Your assignment | Write out exactly every line from the one containing "I'm going to have" through the final line of the material below, both included. Pictures are to be skipped.

Excerpted data |
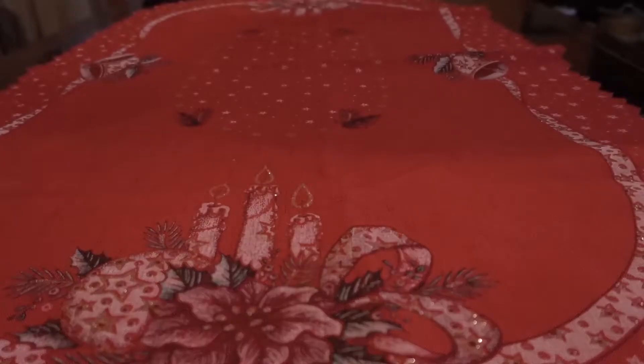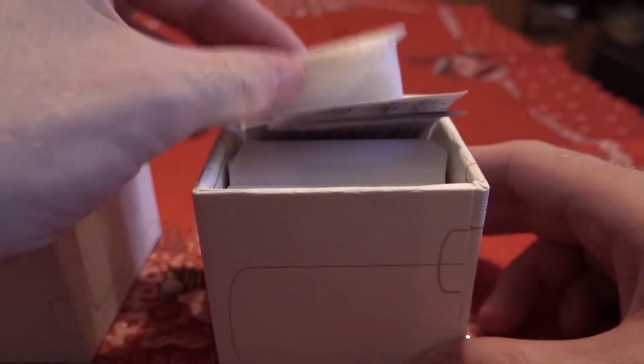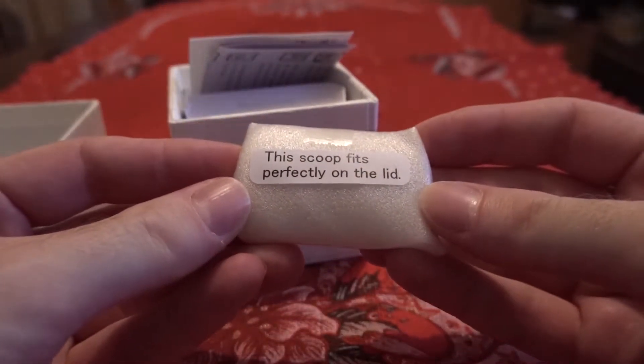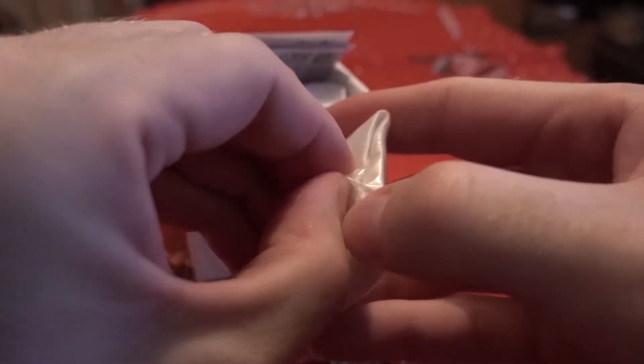So without further ado, let's do some unboxing! Okay, so the first one — I think it's the brass one. Yeah, this scoop fits perfectly on the lid. This is the little scoop for the tea leaves.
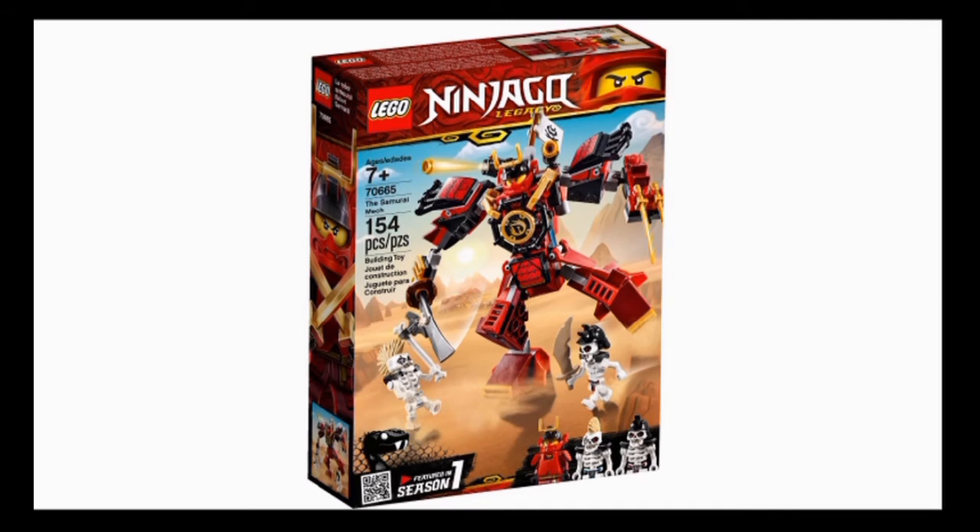Overall, the new Samurai Mech is a pretty nice playset for $15 — definitely one I want to pick up. The figures are a mixed bag: the new Nia's great, the Skulkins not so much, but the mech is good.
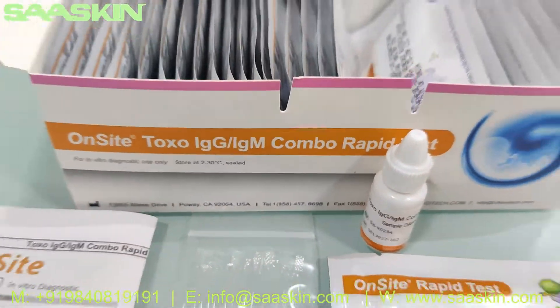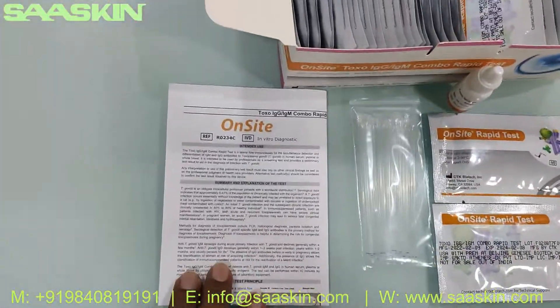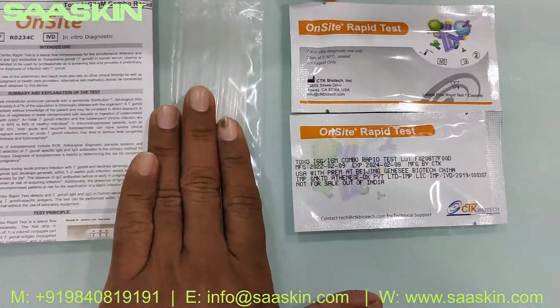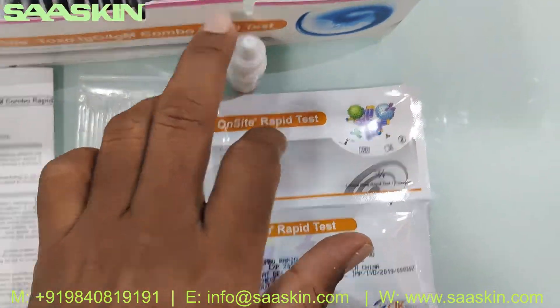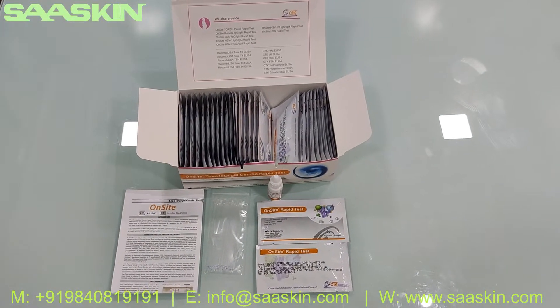A quick summary: this is the CTK Biotech On-Site Toxo IgG IgM Combo Rabbit Test kit. Inside the 30-test kit box you have one IFU brochure, 30 capillary tubes, one buffer bottle, and 30 test cassettes. This is how the total test kit box looks like — thank you.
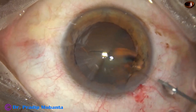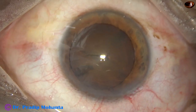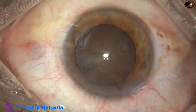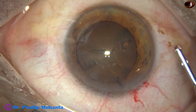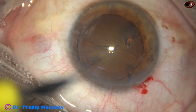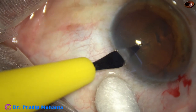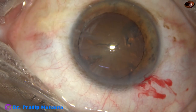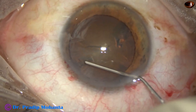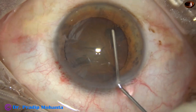Hydrodissection was very much tricky. I could not pass a fluid wave from one side to the other side. This is the second attempt — no fluid wave. The side port had not been made, so a side port is created on the left side of the main incision, about 3 o'clock hours away. Third attempt of hydrodissection — no fluid wave passes from one side to the other side.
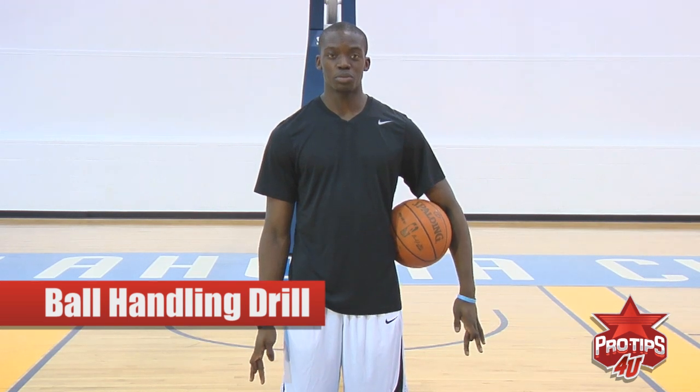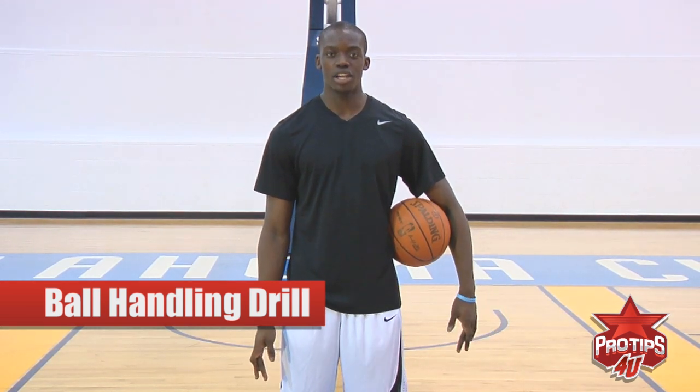Hi, I'm Reggie Jackson. I'm a professional basketball player and today I'm going to show you a drill to improve your ball handling, help you improve your hand-eye coordination and have your head on a swivel. Have you ready to make plays in no time.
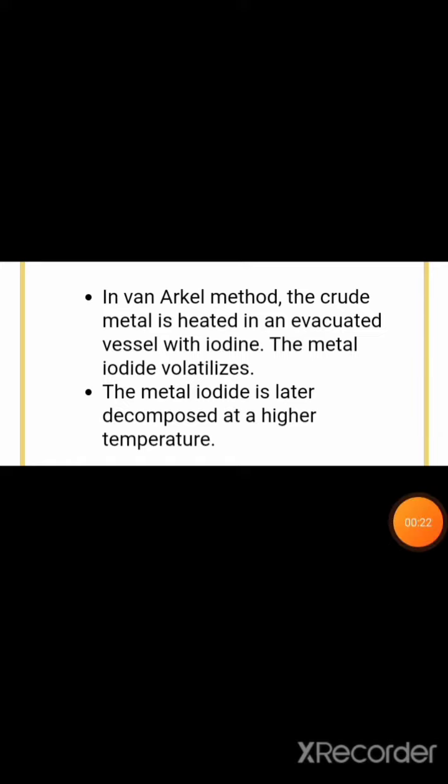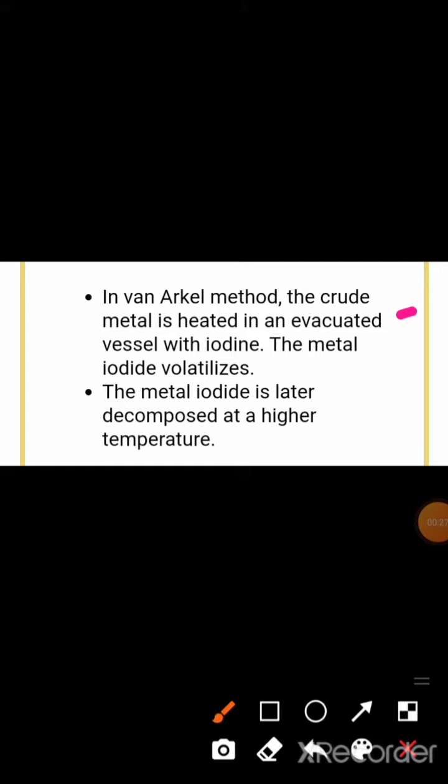In the Van Arkel method, the crude metal is heated in an evacuated metal vessel with iodine. The metal iodide volatilizes and is later decomposed at a higher temperature.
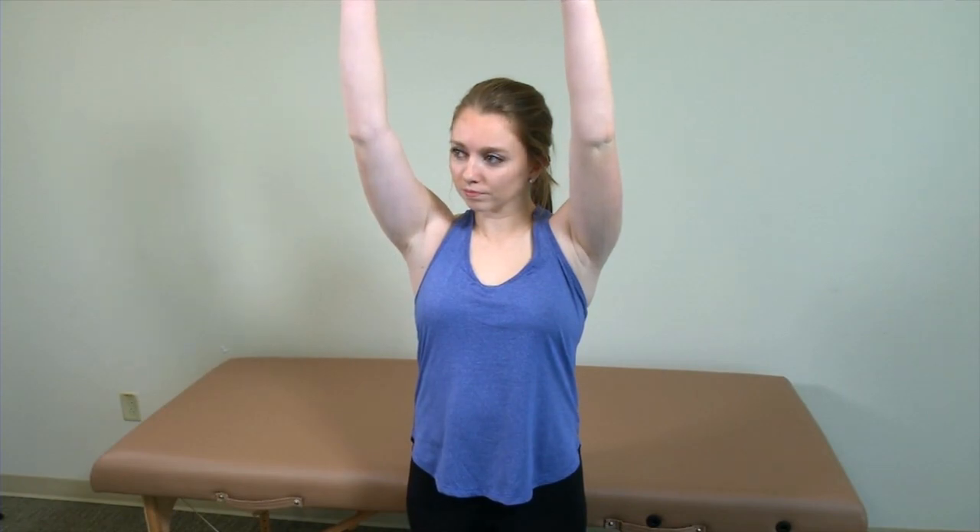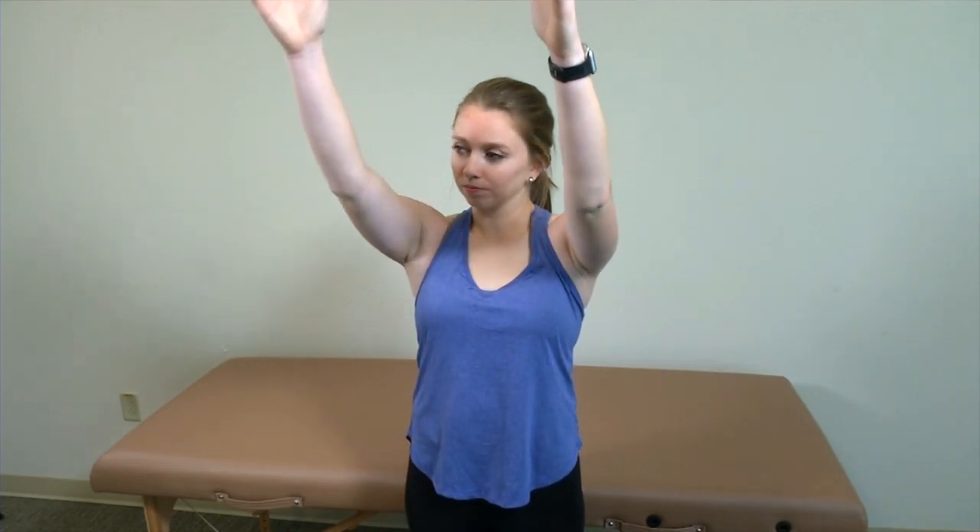I'm going to have my patient slowly come up into forward flexion — good — and then slowly come back down. As you can see, she's reaching her full range.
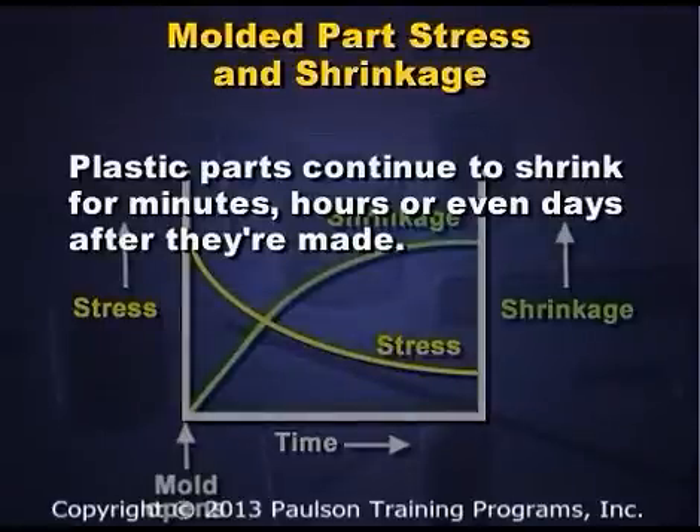The plastic parts continue to shrink for minutes, hours, or even days after they're made.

Output below |
I'm going to have my patient slowly come up into forward flexion — good — and then slowly come back down. As you can see, she's reaching her full range.
The plastic parts continue to shrink for minutes, hours, or even days after they're made.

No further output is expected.